A Romney campaign aide said via email that the campaign is highlighting the JCT analysis, flagging a blog post by the Tax Foundation, to show how a “Romney-style tax plan” could bolster growth and not as an example of the specific tax plan Romney would seek to enact.
That JCT study predicted that revenue-neutral tax reform would increase economic growth. And the plan has similarities to Romney’s proposal. The plan studied by the committee lowered the top rate to 26.8 percent, versus 28 percent for Romney, and kept preferential rates on capital gains and dividends. Romney would keep existing rates for the highest-earning taxpayers and eliminate taxes on that investment income for taxpayers with less than $200,000 in income.

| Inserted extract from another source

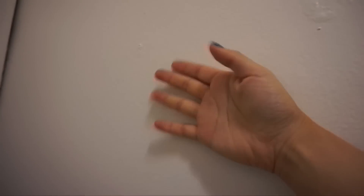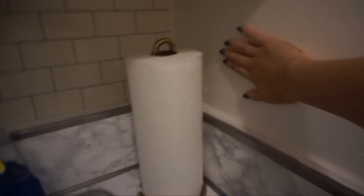Voila! And as you can see there's literally no damage to the walls at all. It's completely not sticky whatsoever. No residue. Perfectly clean. Removable wallpaper, guys. There you go.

The 2006 JCT study projected 0.8 percent to 1.7 percent growth in employment and 1.1 percent to 1.9 percent growth in the gross domestic product over a decade under various models.

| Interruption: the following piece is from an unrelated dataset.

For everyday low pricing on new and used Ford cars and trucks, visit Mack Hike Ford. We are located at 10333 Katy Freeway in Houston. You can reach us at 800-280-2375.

But the JCT plan was predicated on repealing almost every tax break in the code, including the child tax credit, the employer-provided health care exclusion and nearly every itemized deduction, including deductions for charity, mortgage interest and state and local taxes.
That goes much further than Romney has been willing to go — one reason that an analysis by the Tax Policy Center said his math doesn’t add up.
One idea Romney has proposed is enacting a cap on itemized deductions — he has floated $17,000, $25,000 or $50,000 as possible caps — rather than eliminating them entirely. The Romney campaign has also said it would look at putting a cap on the tax break for employer-provided health insurance. But it hasn’t shown specifically how Romney would raise enough revenue to avoid raising revenue from somewhere else or adding to the deficit.